NICOSIA, Cyprus (AP) _ Iran will hold presidential elections in August, the Islamic Republic News Agency reported Saturday. The vote could be a key test between so-called pragmatists and their hard-line opponents in the Islamic republic.

It will be the fifth presidential election since the republic was proclaimed in 1979.

Hardliners, who now appear to be backed by Ayatollah Ruhollah Khomeini, are battling the so-called pragmatists, who seek liberalization in Iran and closer links with the West.

Interior Minister Ali Akbar Mohtashemi announced the election in an interview published Saturday in Tehran’s Kayhan daily, the news agency said in a report monitored in Nicosia.

It quoted him as saying there will be polls for local and regional councils after the presidential ballot.

IRNA said the date of the election will be announced after coordination between the Interior Ministry and the Council of Guardians, a 12-member body that oversees legislation.

President Ali Khamenei, the Islamic republic’s third president who has been in office since 1981, cannot run for a third four-year term under the revolutionary constitution.

Mohtashemi, a hardliner believed to have close links with Shiite Moslem extremists holding Western hostages in Lebanon, said he will not run.

But Parliament Speaker Hashemi Rafsanjani, leader of the so-called pragmatists, indicated earlier this month he might be a candidate.

″I have not yet decided. But it seems that I will have to be a candidate,‴ he said in an interview with French television.

Khamenei, who has been allied with Rafsanjani, noted in an interview carried by Kayhan on Feb. 6: ″When someone looks at the Iranian stage, the focus will be Hashemi Rafsanjani. I don’t think there’s anyone else attracting one’s eyes.″

Former Prime Minister Mehdi Bazargan has said his small Iran Freedom Movement, Iran’s token opposition party which has been harassed by hardliners for eight years, will field a candidate if the political climate is ″appropriate.″

Rafsanjani and others have been trying to amend the December 1979 constitution to focus executive power in the presidency by dropping the post of prime minister.

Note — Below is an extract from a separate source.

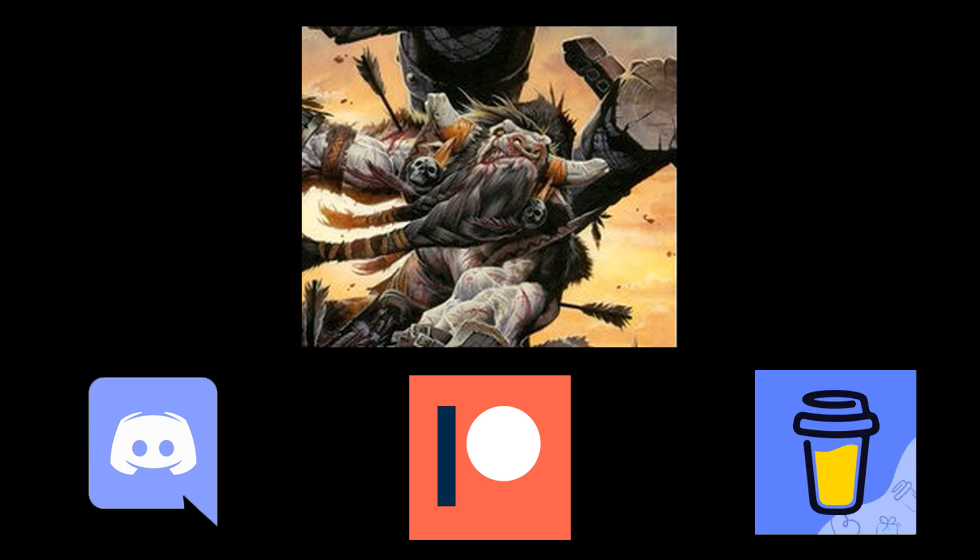You can support this project by donating using the links in the description. If you encounter a problem with my tool, want to give feedback, or want to request another feature, post your messages on the Hive Workshop thread or on my Discord server in the campaign splitter channel. Thanks for watching, and have fun playing custom campaigns in Reforged.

They argue the emergence of several competing power centers has undermined Iran’s decision-making process and believe Iran needs a clearly defined system to tackle postwar reconstruction and end ideological divisions.

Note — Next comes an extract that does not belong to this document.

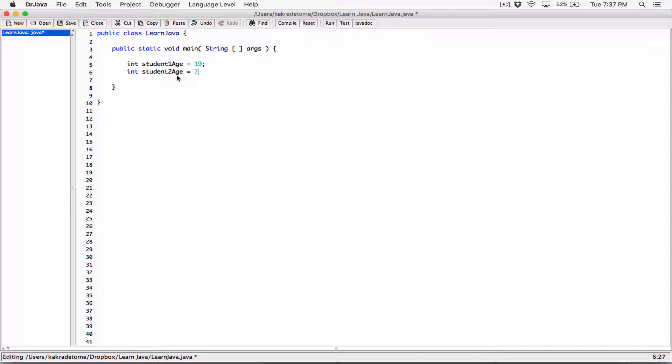The reason I'm creating these ages is because I want to create an if statement to display a message. I want to figure out if at least one of these students is an adult. If you're 18 or above, that makes you an adult. If you're below 18, that makes you a child.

Executive authority has been concentrated on the premiership since the republic’s first president, Abolhassan Bani-Sadr, tried to widen his powers in 1980-81 before he was forced to flee into exile during a purge of liberals and left-wingers by revolutionary zealots.

Iran’s second president, Mohammad Ali Rajaie was assassinated in September 1981, along with Prime Minister Mohammad Javad Bahonar, in a terrorist bombing at Bahonar’s Tehran headquarters.

Rafsanjani, who also is acting commander-in-chief, was considered the most powerful figure after Khomeini, but it is not clear whether he and his allies have been weakened by Khomeini’s support for hardliners.

Some radicals fear that concentrating power in the presidency will transform Iran into an authoritarian state.